* **Supplied records**:
[Start of section]

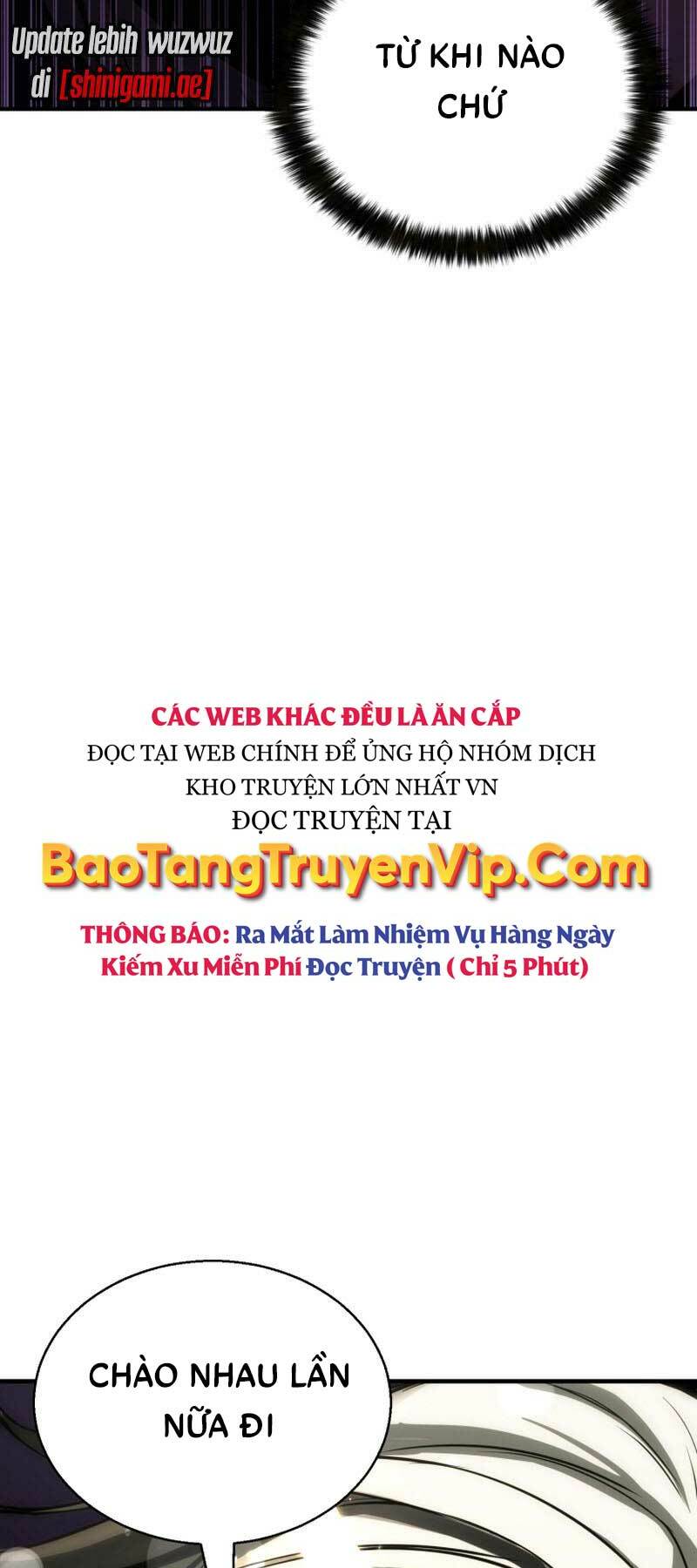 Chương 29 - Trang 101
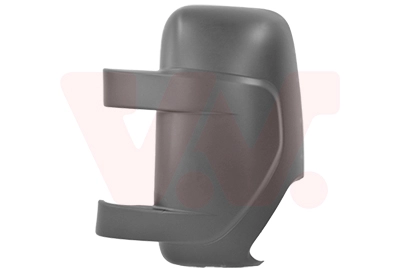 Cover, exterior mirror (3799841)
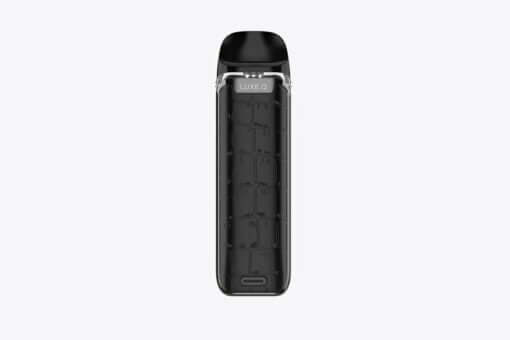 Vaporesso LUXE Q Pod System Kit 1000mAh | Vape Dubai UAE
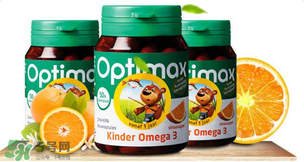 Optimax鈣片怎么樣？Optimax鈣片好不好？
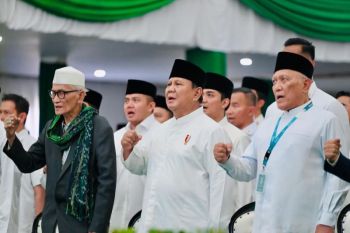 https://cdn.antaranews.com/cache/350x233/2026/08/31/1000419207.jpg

[End of section]

* **Work instruction**: Each record must be returned exactly as it stands, and the images omitted.

* **Exercise response**:
 Chương 29 - Trang 101
 Cover, exterior mirror (3799841)
 Vaporesso LUXE Q Pod System Kit 1000mAh | Vape Dubai UAE
 Optimax鈣片怎么樣？Optimax鈣片好不好？
 https://cdn.antaranews.com/cache/350x233/2026/08/31/1000419207.jpg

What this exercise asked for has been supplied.